In-depth Understanding and Embodied Decision-Making on Generated 3D Scenes

Investigate how to perform in-depth scene understanding tasks and adapt embodied decision-making based on high-quality generated 3D scenes, determining effective methodologies that enable agents to utilize such generated environments for downstream understanding and control.

Background

The paper introduces SceneMaker, a decoupled framework for open-set 3D scene generation that separates de-occlusion, object generation, and pose estimation to better learn open-set priors. Comprehensive experiments show improved geometry quality and pose accuracy, particularly under severe occlusion.
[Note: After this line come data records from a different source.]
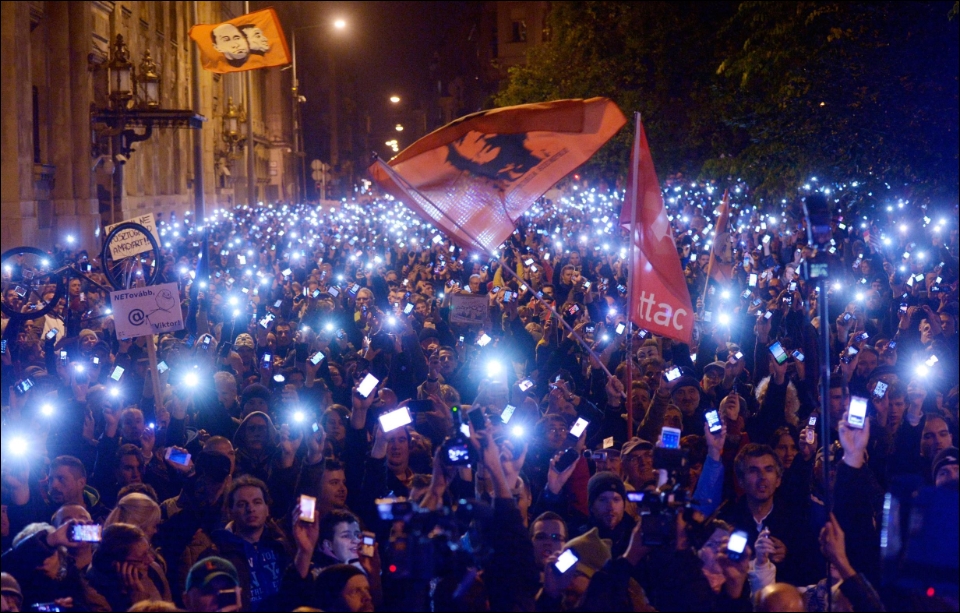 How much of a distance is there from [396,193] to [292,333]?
5126 mm

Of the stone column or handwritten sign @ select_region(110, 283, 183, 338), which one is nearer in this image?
handwritten sign @ select_region(110, 283, 183, 338)

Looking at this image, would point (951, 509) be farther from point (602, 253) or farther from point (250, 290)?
point (602, 253)

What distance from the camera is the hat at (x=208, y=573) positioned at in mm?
5029

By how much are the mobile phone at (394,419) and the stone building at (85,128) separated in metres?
7.23

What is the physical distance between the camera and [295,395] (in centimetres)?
882

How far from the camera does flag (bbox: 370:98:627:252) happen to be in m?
7.87

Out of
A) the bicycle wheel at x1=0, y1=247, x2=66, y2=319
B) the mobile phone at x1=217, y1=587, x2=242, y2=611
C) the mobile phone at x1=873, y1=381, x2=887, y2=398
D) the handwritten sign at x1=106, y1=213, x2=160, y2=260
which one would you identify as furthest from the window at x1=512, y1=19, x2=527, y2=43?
the mobile phone at x1=217, y1=587, x2=242, y2=611

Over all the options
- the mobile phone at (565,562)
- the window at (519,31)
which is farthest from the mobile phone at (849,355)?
the window at (519,31)

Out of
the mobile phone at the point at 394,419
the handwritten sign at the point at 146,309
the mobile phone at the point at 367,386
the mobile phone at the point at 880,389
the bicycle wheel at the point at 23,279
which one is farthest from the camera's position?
the handwritten sign at the point at 146,309

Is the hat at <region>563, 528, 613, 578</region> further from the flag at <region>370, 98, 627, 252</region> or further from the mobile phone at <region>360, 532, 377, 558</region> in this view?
the flag at <region>370, 98, 627, 252</region>

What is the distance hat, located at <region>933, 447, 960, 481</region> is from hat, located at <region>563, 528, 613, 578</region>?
1.99 metres

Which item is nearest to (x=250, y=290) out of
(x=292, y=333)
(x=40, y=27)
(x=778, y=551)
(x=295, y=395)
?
(x=292, y=333)

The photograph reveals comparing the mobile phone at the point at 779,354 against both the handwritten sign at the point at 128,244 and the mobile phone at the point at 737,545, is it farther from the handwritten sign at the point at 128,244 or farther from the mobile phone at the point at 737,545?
the handwritten sign at the point at 128,244

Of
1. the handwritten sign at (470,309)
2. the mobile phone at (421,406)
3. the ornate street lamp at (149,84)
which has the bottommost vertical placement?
the mobile phone at (421,406) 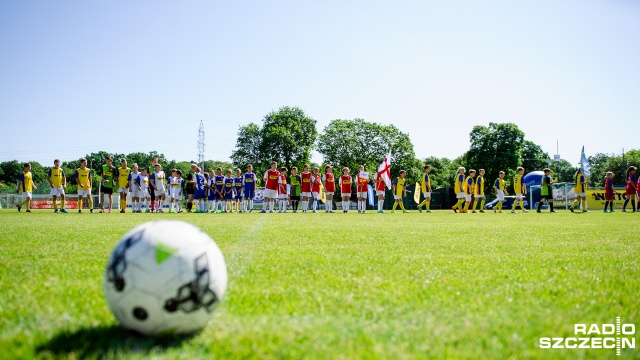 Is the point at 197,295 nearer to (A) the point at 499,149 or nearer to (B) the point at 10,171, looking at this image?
(A) the point at 499,149

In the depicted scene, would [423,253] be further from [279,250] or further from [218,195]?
[218,195]

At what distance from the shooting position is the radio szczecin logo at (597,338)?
245 cm

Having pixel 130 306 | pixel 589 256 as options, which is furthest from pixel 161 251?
pixel 589 256

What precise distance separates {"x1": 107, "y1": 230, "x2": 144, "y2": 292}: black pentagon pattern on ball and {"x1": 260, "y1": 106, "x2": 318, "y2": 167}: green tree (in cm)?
6360

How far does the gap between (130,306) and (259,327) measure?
2.44 feet

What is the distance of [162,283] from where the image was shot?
2336 mm

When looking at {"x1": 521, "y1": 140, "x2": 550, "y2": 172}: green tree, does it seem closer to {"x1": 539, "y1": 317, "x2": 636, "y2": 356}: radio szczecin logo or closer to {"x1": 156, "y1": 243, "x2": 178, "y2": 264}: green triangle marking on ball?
{"x1": 539, "y1": 317, "x2": 636, "y2": 356}: radio szczecin logo

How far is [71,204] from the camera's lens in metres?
52.2

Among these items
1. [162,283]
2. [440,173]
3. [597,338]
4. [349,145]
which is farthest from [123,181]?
[440,173]

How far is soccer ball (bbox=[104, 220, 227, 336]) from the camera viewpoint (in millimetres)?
2334

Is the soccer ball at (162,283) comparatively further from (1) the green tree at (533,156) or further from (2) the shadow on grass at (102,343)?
(1) the green tree at (533,156)

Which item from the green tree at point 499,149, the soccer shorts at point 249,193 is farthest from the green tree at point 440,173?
the soccer shorts at point 249,193

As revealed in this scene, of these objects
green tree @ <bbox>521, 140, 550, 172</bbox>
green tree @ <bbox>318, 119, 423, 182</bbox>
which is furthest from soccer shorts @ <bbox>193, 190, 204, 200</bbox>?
green tree @ <bbox>521, 140, 550, 172</bbox>

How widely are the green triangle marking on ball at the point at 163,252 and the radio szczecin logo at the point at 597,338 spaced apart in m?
2.12
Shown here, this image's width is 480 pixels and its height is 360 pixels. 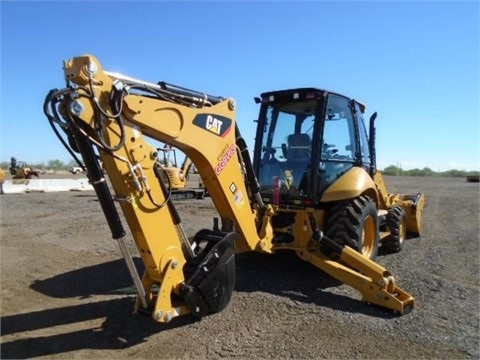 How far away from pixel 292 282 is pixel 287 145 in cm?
198

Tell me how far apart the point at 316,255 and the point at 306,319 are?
46.0 inches

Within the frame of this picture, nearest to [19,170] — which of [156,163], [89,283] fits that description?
[89,283]

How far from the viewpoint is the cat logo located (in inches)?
175

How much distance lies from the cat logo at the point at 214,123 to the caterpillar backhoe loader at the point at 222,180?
0.01 metres

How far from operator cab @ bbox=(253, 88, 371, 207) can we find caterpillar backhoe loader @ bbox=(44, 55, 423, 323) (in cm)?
2

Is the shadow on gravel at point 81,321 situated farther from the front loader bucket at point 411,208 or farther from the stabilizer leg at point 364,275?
the front loader bucket at point 411,208

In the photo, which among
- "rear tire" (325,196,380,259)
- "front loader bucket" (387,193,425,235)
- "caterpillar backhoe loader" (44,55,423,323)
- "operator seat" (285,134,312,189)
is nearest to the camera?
"caterpillar backhoe loader" (44,55,423,323)

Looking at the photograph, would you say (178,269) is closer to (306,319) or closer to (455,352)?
(306,319)

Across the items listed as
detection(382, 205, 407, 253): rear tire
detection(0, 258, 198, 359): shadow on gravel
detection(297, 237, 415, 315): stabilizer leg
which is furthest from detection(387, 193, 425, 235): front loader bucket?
detection(0, 258, 198, 359): shadow on gravel

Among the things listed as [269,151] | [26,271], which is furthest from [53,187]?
[269,151]

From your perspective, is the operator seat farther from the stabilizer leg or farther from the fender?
the stabilizer leg

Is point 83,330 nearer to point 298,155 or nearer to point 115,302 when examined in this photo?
point 115,302

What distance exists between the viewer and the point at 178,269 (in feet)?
13.5

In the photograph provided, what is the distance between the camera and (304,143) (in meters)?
6.20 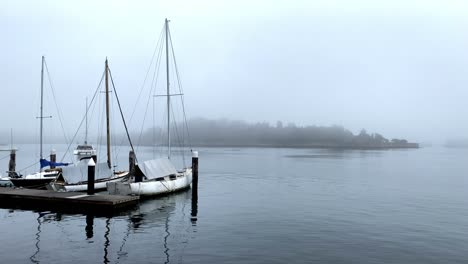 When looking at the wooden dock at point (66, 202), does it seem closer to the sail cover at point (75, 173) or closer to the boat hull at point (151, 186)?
the boat hull at point (151, 186)

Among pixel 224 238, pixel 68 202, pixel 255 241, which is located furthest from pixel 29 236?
pixel 255 241

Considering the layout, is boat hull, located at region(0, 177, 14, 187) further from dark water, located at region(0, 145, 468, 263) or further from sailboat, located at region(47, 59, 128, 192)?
dark water, located at region(0, 145, 468, 263)

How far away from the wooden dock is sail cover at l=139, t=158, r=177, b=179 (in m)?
5.41

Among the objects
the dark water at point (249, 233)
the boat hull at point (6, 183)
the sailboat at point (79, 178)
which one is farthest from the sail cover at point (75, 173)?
the dark water at point (249, 233)

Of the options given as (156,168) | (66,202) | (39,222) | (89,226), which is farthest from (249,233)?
(156,168)

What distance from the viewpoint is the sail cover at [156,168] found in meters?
34.4

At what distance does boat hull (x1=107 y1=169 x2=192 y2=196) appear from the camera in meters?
30.9

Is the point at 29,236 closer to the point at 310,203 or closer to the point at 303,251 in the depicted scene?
the point at 303,251

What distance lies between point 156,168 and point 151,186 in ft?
8.76

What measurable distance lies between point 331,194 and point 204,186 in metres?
15.4

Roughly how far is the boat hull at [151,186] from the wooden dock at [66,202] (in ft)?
7.32

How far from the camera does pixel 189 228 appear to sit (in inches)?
897

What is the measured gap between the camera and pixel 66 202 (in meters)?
27.8

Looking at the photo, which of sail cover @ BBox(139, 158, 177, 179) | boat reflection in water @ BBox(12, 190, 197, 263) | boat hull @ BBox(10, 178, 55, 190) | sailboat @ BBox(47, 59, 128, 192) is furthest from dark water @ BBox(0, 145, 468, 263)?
boat hull @ BBox(10, 178, 55, 190) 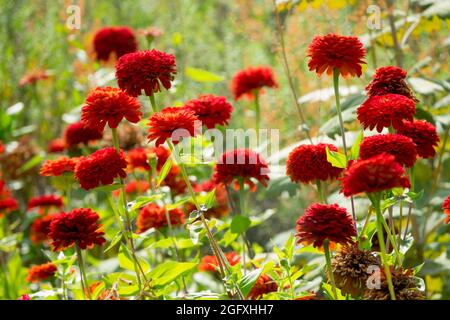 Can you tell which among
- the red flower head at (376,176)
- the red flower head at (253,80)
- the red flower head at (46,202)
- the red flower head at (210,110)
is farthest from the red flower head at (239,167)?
the red flower head at (46,202)

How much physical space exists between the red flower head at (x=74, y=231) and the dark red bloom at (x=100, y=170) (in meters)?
0.08

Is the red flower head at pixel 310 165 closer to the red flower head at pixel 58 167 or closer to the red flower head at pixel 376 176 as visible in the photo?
the red flower head at pixel 376 176

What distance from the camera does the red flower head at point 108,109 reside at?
0.86m

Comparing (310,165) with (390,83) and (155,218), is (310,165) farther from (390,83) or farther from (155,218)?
(155,218)

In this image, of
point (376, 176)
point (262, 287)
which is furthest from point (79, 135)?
point (376, 176)

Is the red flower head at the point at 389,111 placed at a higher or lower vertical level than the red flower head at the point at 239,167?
higher

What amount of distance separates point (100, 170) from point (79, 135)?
617 mm

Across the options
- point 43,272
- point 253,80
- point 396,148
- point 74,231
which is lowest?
point 43,272

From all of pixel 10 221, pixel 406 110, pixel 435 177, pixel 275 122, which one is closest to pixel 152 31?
pixel 275 122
In the limitations discussion, the authors highlight that moving from scene generation to downstream usage by agents—specifically for deeper understanding and embodied decision-making—remains unresolved. This reflects the gap between generating high-quality 3D scenes and leveraging them effectively for tasks where agents must interpret and act within those scenes.

References

Moreover, how to perform more in-depth understanding tasks and adapt embodied decision-making based on generated high-quality 3D scenes is also an unsolved challenge.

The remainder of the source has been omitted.